Sacude la cabeza el comisario, incrédulo y furioso. A medida que pasan las horas, todo vuelve a oler a derrota. Una vieja conocida, en este caso. Más de lo que puede soportar.

- Se ha escapado, de todas formas. Conmigo o sin mí.

Alza una mano el esbirro, torpe como suele. Por un momento, Tizón cree que va a ponérsela a él en el hombro. Le abro la cabeza de un bastonazo, piensa. Si lo hace.

- No diga eso, señor comisario -al ver la expresión de su jefe, el otro deja la mano quieta, a medio camino-. Habrá alguna manera. Con un tiro de pistola en el cuerpo, como va, no puede estar lejos… En algún sitio tendrá que curarse. O esconderse.

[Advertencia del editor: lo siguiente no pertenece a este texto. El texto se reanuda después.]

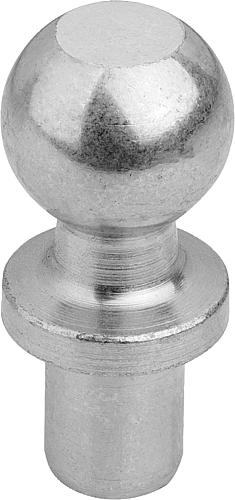 Kugelzapfen für Winkelgelenke, Form:B Stahl, D1=10 - K0713.1080 - bei HUG Technik ✭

Ni para blasfemar tengo fuerzas, concluye Tizón. De lo cansado. De lo harto que estoy de todo esto.

- En algún sitio, dices.

- Eso mismo.

Calle abajo, contiguo a la puerta del Rosario, se encuentra el oratorio de la Santa Cueva. Bajo el frontón triangular de la entrada, la puerta está abierta.

- ¿Registrasteis esto también?

Otro gesto dolido. De nuevo la duda ofende, dice sin decirlo.

- Naturalmente.

Rogelio Tizón se asoma un momento al zaguán, echa un vistazo distraído y se dispone a seguir camino. De pronto, a punto de retirarse, algo atrae su atención y lo hace mirar otra vez. Se trata de un objeto situado al final de la doble escalera que baja a la cueva, en el tramo izquierdo de ésta. El comisario lo conoce como cualquier gaditano, pues forma parte de la decoración convencional del recinto. Está ahí desde toda la vida, o casi. Sin embargo, las circunstancias hacen que lo vea ahora desde una perspectiva distinta. Asombrosa.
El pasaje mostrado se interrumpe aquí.